It looks like rumors must have abounded in regards to Yahoo!’s acquisition of flickr before the deal was final. The deal was announced late on March 20th, but Yahoo!’s buzz game was hopping by around the 16th. If you look at the chart here, you’ll see that the trading price shot up from 10 to 20 in the days preceding the deal. Unfortunately for those who made the bets, the underlying statistics that set the payoff are searches on Yahoo!, which didn’t respond until the 21st. The masses didn’t know about the rumors, but should have been paying attention to Yahoo!’s buzz.
The data from March 25 to April 1 is missing (hence straight lines between those dates) because Yahoo! had to reset the markets after participants discovered ways to turn the market maker into a money pump. Yahoo! first mentioned the problem on March 29, and made a couple of changes over the next few days before settling on a new pricing mechanism: prices are proportional to shares outstanding rather than to stock market cap.

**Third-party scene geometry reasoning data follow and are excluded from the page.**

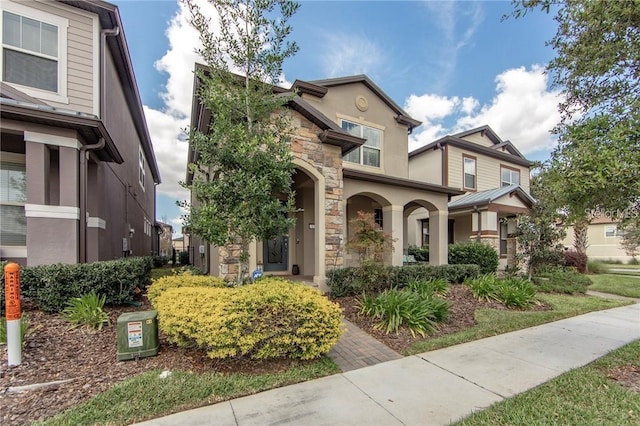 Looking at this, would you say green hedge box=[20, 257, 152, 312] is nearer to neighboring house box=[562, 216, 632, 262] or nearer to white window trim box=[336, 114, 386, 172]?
white window trim box=[336, 114, 386, 172]

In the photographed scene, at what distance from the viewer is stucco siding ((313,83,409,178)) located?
39.7 ft

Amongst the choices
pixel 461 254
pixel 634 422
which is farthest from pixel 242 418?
pixel 461 254

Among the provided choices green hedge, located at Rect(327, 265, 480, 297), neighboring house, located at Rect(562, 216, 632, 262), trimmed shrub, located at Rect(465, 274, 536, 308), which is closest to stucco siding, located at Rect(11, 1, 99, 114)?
green hedge, located at Rect(327, 265, 480, 297)

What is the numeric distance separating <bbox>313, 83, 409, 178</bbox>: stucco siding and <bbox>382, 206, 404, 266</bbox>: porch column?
9.16 ft

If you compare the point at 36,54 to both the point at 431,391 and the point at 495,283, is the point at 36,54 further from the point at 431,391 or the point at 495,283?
the point at 495,283

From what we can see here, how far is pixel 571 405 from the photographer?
3254 mm

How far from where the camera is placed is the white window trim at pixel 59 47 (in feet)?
22.6

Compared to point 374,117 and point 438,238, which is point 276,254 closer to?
point 438,238

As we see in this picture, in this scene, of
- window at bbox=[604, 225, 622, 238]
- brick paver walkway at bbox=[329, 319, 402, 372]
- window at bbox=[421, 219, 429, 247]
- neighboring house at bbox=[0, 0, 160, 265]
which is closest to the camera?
brick paver walkway at bbox=[329, 319, 402, 372]

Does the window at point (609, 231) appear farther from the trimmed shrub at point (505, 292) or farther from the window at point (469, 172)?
the trimmed shrub at point (505, 292)

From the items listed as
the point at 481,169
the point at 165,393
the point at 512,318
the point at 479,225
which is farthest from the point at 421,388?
the point at 481,169

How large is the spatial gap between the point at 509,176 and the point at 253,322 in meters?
19.1

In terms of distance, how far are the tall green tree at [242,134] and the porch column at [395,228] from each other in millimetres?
5416

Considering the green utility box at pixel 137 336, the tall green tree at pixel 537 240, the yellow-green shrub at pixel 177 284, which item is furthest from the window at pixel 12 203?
the tall green tree at pixel 537 240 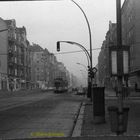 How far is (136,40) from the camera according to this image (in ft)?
239

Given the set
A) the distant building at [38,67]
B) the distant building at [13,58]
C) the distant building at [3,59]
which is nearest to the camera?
the distant building at [3,59]

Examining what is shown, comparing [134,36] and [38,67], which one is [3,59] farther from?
[38,67]

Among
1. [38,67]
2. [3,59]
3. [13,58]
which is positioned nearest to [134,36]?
[3,59]

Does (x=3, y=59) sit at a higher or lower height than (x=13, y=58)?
lower

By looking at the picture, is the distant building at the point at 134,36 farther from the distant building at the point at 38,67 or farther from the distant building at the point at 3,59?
the distant building at the point at 38,67

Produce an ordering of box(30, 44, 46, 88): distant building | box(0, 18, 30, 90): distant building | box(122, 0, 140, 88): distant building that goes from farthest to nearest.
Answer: box(30, 44, 46, 88): distant building → box(0, 18, 30, 90): distant building → box(122, 0, 140, 88): distant building

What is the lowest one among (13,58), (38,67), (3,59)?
(3,59)

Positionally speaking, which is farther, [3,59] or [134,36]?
[3,59]

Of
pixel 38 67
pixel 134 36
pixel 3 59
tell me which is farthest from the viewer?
pixel 38 67

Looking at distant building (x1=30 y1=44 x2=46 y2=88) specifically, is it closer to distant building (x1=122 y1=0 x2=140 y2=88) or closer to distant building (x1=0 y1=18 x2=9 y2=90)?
distant building (x1=0 y1=18 x2=9 y2=90)

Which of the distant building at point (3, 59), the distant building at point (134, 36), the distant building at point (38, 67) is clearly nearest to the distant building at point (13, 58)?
the distant building at point (3, 59)

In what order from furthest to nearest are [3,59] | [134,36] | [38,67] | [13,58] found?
[38,67] → [13,58] → [3,59] → [134,36]

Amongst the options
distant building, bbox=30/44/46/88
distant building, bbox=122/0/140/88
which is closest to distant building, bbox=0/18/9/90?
distant building, bbox=122/0/140/88

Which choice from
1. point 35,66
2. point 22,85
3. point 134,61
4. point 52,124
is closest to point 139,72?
point 134,61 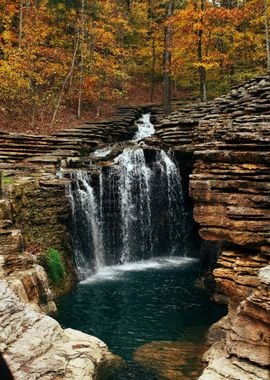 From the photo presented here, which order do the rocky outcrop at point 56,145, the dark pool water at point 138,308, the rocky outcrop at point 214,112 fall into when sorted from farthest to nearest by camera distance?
1. the rocky outcrop at point 56,145
2. the rocky outcrop at point 214,112
3. the dark pool water at point 138,308

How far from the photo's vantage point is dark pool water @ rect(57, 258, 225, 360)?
1307cm

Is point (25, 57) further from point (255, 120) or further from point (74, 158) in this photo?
point (255, 120)

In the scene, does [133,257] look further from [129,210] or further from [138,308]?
[138,308]

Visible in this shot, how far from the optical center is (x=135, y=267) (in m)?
20.7

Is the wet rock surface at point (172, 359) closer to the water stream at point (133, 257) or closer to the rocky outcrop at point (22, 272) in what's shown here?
the water stream at point (133, 257)

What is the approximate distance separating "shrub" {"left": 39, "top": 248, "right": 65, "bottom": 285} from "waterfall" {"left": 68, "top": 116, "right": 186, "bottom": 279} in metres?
2.90

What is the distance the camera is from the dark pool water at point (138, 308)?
13070 mm

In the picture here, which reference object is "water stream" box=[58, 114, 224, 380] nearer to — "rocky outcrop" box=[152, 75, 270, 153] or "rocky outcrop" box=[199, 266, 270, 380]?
"rocky outcrop" box=[152, 75, 270, 153]

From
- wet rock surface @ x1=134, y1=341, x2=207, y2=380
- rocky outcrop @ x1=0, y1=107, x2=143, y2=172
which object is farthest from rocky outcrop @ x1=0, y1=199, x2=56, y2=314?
rocky outcrop @ x1=0, y1=107, x2=143, y2=172

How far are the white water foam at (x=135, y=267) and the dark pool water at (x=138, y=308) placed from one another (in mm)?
50

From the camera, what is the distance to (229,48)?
33125mm

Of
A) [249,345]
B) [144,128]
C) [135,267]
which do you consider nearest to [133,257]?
[135,267]

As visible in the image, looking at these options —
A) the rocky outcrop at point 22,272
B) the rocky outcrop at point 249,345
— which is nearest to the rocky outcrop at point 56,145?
the rocky outcrop at point 22,272

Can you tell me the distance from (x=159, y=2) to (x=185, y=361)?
4031 centimetres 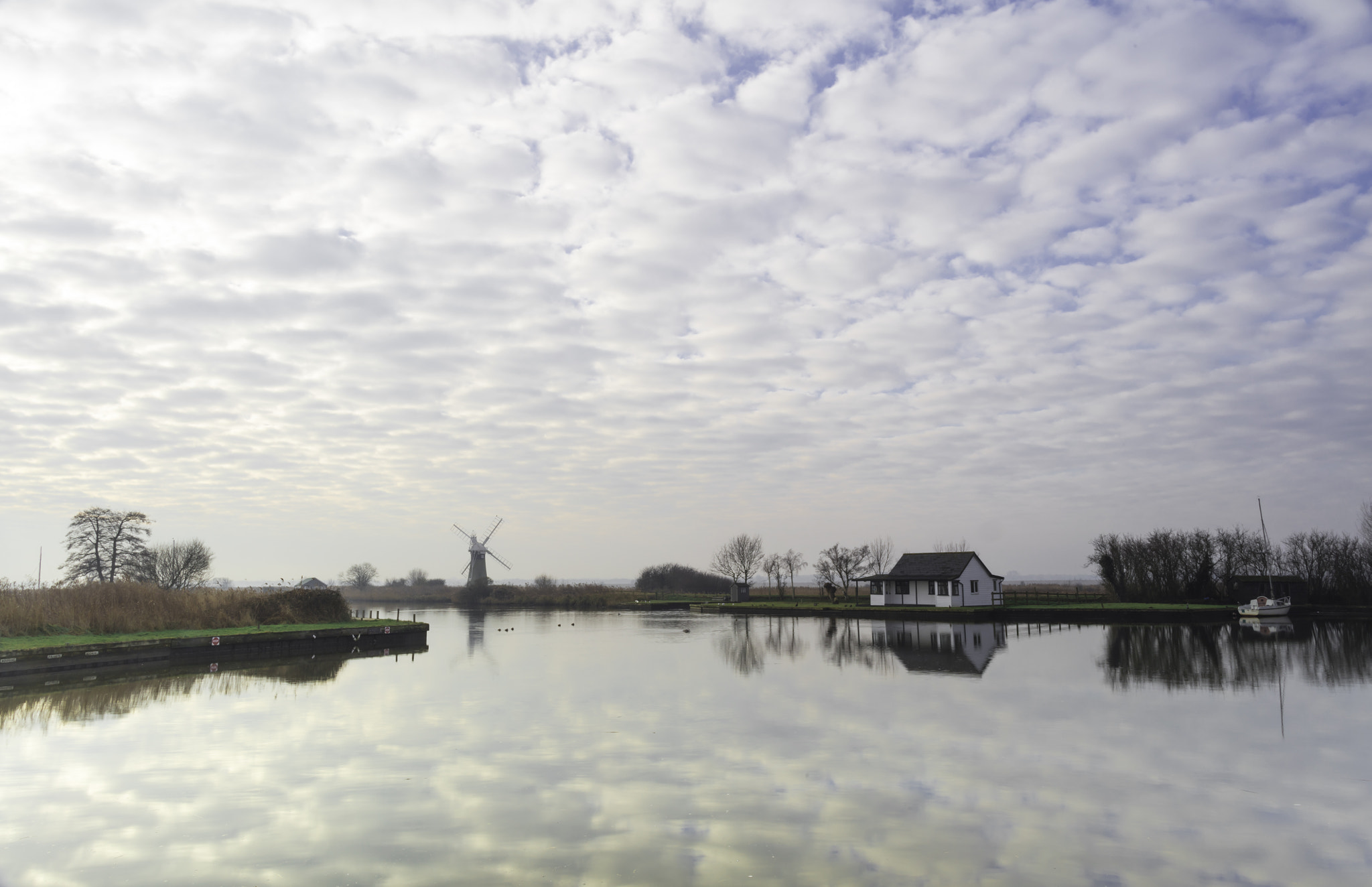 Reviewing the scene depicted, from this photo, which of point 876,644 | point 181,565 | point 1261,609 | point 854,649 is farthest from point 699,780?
point 181,565

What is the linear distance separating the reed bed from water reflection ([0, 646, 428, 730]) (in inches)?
173

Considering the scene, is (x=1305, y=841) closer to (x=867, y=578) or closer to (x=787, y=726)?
(x=787, y=726)

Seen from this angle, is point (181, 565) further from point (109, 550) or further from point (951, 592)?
point (951, 592)

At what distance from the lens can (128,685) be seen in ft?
73.4

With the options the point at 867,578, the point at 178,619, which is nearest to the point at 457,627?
the point at 178,619

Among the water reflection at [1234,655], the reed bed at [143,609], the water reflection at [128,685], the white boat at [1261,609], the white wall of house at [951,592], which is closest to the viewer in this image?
the water reflection at [128,685]

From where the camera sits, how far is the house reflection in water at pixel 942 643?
1057 inches

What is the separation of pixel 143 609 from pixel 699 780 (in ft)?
96.4

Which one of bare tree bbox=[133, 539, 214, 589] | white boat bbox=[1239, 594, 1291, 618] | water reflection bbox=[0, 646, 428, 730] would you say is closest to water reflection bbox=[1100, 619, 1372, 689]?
white boat bbox=[1239, 594, 1291, 618]

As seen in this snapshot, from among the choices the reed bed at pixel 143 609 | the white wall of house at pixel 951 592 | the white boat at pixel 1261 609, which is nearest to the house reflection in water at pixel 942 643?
the white wall of house at pixel 951 592

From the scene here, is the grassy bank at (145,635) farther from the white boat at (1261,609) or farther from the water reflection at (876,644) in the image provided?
the white boat at (1261,609)

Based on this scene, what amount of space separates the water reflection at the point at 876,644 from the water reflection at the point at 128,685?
47.4ft

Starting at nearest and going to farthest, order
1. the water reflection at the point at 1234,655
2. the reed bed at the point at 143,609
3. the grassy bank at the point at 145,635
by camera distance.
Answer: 1. the water reflection at the point at 1234,655
2. the grassy bank at the point at 145,635
3. the reed bed at the point at 143,609

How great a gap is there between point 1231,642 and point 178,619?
4371cm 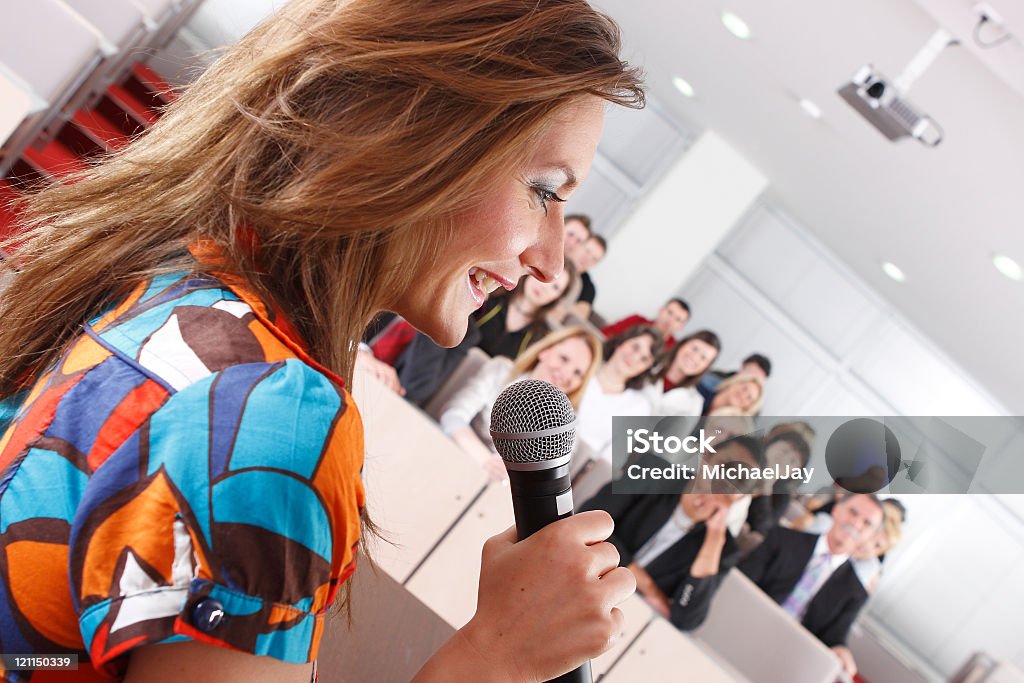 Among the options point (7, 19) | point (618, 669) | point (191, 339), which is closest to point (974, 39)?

The black lines on the graph show times when the buzz game’s management reset values to correspond to the underlying fundamentals. They readjusted that way before the changes; now they pay out cash dividends proportional to current “buzz.”
For a while in the wake of market meltdowns, they outlawed buying more than one stock in any market, which meant the only thing you could do was bet on a single favorite in any market. Since the most common market aberration is one stock in a market being overpriced (the adherents in the game are more zealous than warranted by Yahoo’s underlying search statistics) it’s more common to want to bet against a stock than in favor. The buzz game doesn’t directly support betting against a stock–you have to buy yes in all the other stocks to get that effect.